Как и кнутование, люди переносили шпицрутены по-разному: одни умирали, не выдержав и трех проводок через батальон, другие же выживали и поправлялись после куда более жестоких наказаний, которые, в сущности, приравнивались к смертному приговору. Известно, что пугачевский атаман Федор Минеев умер после проводки через 12 тыс. шпицрутенов, в то время как солдат Кузьма Марев «за многие его продерзости гонен был в разные времена спиц-рутен девяносто семь раз (то есть минимум 48 тыс. раз. – Е. А.) да бит батогами». Несгибаемый Марев это выдержал и потом за брань в адрес императрицы Елизаветы был снова наказан и сослан в Оренбург.
Моряков пороли в основном линьками – кусками веревки с узелком на конце, или морскими кошками – многохвостовыми плетками. Кроме того, их еще килевали – наказанного протаскивали на веревке под корпусом, точнее килем, корабля, что продолжалось несколько минут и угрожало жизни истязуемого.
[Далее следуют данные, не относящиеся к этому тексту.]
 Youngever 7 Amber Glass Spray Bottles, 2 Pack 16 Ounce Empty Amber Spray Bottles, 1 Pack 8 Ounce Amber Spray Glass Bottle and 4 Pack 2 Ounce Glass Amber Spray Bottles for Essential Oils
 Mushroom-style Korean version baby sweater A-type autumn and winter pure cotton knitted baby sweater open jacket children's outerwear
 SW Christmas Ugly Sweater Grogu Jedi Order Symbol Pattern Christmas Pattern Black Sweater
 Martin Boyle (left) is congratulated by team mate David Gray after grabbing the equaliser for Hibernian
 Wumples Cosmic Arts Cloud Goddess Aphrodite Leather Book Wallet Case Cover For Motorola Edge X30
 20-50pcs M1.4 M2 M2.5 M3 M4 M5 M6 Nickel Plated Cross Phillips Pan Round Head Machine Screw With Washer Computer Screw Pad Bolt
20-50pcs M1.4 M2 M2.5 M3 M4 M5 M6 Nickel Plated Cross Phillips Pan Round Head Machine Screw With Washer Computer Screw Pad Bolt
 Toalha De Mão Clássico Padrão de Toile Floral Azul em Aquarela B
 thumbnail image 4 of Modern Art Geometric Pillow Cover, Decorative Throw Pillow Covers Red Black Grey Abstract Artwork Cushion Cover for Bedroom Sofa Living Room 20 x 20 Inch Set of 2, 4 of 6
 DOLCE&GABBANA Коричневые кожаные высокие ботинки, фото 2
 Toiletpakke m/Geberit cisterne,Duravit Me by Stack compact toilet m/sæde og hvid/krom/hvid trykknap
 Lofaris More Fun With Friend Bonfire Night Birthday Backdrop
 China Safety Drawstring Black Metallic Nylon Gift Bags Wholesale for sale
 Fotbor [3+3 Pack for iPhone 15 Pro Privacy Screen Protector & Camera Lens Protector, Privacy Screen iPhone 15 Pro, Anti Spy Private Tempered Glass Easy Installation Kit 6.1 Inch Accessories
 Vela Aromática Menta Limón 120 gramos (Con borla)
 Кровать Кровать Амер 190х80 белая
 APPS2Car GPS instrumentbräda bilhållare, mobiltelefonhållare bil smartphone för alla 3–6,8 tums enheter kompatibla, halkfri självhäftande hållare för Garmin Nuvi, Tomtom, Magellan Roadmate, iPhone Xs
Батоги – палки – считали самым легким наказанием, что отразилось в пословице: «Батоги – дерево Божье, терпеть можно». Технику битья батогами описывает Берхгольц, наблюдавший ее в Петербурге в 1722 году. Он уточняет, что преступника бьют по голой спине, что палки толщиной в палец и длиною в локоть и что еще двое ассистентов держат его врастяжку за руки. Позже битье батогами упростили – наказываемого стали привязывать к «кобыле». Другое наказание батогами предназначалось для должников и недоимщиков на правеже. В этом случае батогами били по голым ногам – по икрам или пяткам. Для церковников использовали шелепы – толстый веревочный кнут. Наказание шелепами не считалось позорящим, не требовало лишения сана и являлось дисциплинарным наказанием духовных персон, так называемым «усмирением».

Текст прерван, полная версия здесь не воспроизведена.